I've built a page that runs an admin task on a background thread using QueueBackgroundWorkItem. After queueing the task, the page begins polling a Page Method to check whether the task has completed. But I think my strategy for communicating from the worker thread to the status request threads is flawed.
To communicate accross threads, I'm using an object in session state in StateServer mode. It seemed to work in all my initial local testing, but that was using InProc session state. Once we got it on the server, it started appearing to hang - polling forever without ever getting a status update. Here is the code:
//Object for communicating across threads
[Serializable]
public class BackgroundTaskStatus
{
public enum BackgroundTaskStatusType
{
None=0,
Pending=1,
Started=2,
Error=3,
Complete=4
}
public BackgroundTaskStatusType Status { get; set; }
public string Message { get; set; }
}
//Class containing a reference to the Session State and
//contains the task for QueueBackgroundWorkItem
public class LocationSiteToolProcessor
{
public static string CopyingStatusKey = "LST_CopyingStatus";
private HttpSessionState _session;
public LocationSiteToolProcessor(HttpSessionState session)
{
_session = session;
}
public void CopyPage(string relativeUrl, bool overwrite, bool subPages, CancellationToken cancellationToken)
{
if(_session[CopyingStatusKey] == null || !(_session[CopyingStatusKey] is BackgroundTaskStatus))

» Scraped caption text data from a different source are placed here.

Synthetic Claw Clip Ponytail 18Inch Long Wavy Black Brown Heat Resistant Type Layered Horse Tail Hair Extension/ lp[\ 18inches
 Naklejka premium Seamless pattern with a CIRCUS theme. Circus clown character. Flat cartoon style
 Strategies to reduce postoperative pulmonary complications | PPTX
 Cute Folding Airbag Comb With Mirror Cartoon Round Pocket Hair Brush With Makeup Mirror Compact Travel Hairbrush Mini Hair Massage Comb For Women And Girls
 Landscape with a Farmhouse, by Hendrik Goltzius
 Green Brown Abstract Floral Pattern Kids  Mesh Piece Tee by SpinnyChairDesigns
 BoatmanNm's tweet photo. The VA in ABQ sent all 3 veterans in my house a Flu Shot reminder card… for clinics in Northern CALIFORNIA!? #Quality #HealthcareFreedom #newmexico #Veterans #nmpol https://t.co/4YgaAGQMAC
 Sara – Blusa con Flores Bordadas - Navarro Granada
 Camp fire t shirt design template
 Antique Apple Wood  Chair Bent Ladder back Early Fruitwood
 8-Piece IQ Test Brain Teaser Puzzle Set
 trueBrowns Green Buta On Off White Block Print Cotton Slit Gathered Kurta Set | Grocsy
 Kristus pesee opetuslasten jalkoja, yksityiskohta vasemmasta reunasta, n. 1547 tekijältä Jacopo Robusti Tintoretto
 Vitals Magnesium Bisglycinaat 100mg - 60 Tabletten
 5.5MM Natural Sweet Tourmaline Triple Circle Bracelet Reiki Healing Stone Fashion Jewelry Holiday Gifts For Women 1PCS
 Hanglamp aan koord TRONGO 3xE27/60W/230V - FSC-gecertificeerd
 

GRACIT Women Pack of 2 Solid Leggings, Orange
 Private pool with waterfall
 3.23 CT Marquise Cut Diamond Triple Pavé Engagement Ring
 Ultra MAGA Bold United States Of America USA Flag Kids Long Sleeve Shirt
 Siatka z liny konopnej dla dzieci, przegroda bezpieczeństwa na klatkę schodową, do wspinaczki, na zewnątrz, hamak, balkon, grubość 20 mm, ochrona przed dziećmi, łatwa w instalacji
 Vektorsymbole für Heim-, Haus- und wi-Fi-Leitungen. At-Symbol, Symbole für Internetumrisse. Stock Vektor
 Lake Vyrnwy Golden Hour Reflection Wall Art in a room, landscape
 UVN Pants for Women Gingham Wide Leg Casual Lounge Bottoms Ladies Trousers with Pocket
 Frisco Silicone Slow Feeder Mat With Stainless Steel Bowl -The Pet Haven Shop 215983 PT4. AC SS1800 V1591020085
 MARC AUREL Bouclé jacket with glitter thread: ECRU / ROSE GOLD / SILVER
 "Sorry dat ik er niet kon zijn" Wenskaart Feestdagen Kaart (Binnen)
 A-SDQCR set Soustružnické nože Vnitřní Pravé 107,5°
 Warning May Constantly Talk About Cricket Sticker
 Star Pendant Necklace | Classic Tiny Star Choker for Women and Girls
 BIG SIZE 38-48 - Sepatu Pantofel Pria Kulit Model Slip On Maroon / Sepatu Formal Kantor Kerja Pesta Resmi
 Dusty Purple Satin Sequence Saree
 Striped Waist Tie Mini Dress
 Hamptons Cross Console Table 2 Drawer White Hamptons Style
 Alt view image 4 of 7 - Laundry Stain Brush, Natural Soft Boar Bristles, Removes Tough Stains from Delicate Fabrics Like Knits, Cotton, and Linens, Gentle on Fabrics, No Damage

_session[CopyingStatusKey] = new BackgroundTaskStatus();
BackgroundTaskStatus taskStatus = _session[CopyingStatusKey] as BackgroundTaskStatus;
taskStatus.Status = BackgroundTaskStatus.BackgroundTaskStatusType.Started;
try
{
DateTime start = DateTime.Now;
ElevateToWebAdmin();
var pages = LocationSiteRepository.CopyTemplatePage(relativeUrl, overwrite, subPages);
TimeSpan duration = DateTime.Now - start;
taskStatus.Message = (pages != null ? String.Format("Page copied successfully.") : String.Format("No pages were copied.")) +
" Time elapsed: " + duration.ToString("g");
taskStatus.Status = BackgroundTaskStatus.BackgroundTaskStatusType.Complete;
}
catch (Exception ex)
{
taskStatus.Message = ex.ToString();
taskStatus.Status = BackgroundTaskStatus.BackgroundTaskStatusType.Error;
}
}
}
//Code that kicks off the background thread
Session[LocationSiteToolProcessor.CopyingStatusKey] = new BackgroundTaskStatus() { Status = BackgroundTaskStatus.BackgroundTaskStatusType.Pending };
LocationSiteToolProcessor processor = new LocationSiteToolProcessor(Session);
HostingEnvironment.QueueBackgroundWorkItem(c => processor.CopyPage(relativeUrl, overwrite, subPages, c));
//Page Method to support client side status polling
[System.Web.Services.WebMethod(true)]
public static BackgroundTaskStatus GetStatus()
{
//(Modified for brevity)
BackgroundTaskStatus taskStatus = HttpContext.Current.Session[LocationSiteToolProcessor.CopyingStatusKey] as BackgroundTaskStatus;
return taskStatus;
}
I've attached the debugger and what I've observed is the background thread sets the Status property of the BackgroundTaskStatus in the session, but when the subsequent status polling requests read that object from session, the property value is unchanged. They seem to be operating on two different copies of the session object.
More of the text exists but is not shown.